YouTube Gains on TikTok as Top Choice for Short-Form Vid

YouTube is stepping up to fill what it perceives as a short-form video void in India, with a population of one billion, which is facing a ban on Bytedance’s popular video app TikTok. One New York-based creator says 80 percent of his views from a recent viral video short came from India, and YouTube, a division of Alphabet’s Google, is parlaying such information to take on short-form video phenom TikTok globally as video clips become the new battlefield for social media dominance. “There is a long game here,” said Todd Sherman, YouTube Shorts director of product management. “I think short-form video is here to stay.”

Short-form video appeals to “young people, who are most desired by advertisers,” reports The Wall Street Journal. YouTube recently announced that views of its Shorts (videos that run up to 60 seconds) have hit 1.5 billion monthly users.

TikTok in September reported about one billion monthly users for its video shorts outside of China and another 600 million inside its home nation, where parent ByteDance operates a more restricted version of TikTok called Douyin.
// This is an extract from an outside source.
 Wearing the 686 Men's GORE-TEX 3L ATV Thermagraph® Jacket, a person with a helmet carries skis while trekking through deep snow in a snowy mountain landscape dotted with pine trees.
In February, TikTok officially expanded the length of videos permitted on its platform to five minutes, having experimented with longer-form clips through late 2021 as a concession to advertisers.
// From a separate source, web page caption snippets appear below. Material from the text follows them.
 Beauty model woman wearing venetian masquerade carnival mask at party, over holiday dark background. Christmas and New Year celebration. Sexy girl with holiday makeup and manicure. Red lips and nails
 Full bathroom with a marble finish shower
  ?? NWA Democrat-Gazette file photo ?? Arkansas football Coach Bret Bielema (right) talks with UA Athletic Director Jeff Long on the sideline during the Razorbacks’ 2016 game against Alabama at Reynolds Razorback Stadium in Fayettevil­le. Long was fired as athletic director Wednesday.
While Meta Platforms hasn’t recently disclosed usage figures for its Reels shortform videos on Facebook and Instagram, Meta CEO Mark Zuckerberg said in February while reporting quarterly earnings that Reels is his firm’s “fastest-growing content format by far.”

“Among Americans, the most lucrative market for advertising, TikTok continues to reign supreme, but YouTube Shorts is in second place and gaining ground,” reports WSJ, citing a survey by Inmar Intelligence that found “more than 29 percent of respondents picked YouTube Shorts as their preferred short-form video service in June, up from 25 percent in September 2021,” while “TikTok fell as the top choice for nearly 49 percent of respondents in September to 44 percent in June.”

“Related to its new milestone, YouTube also promoted Shorts’ ability to drive viewers to creators’ long-form video channels as a byproduct of its investments in Shorts,” reports TechCrunch, explaining that YouTube is “referring to the trend as ‘the rise of the multiformat creator’ but, in reality, it seems to be more an admission that YouTube still sees more value in its longer-form content.”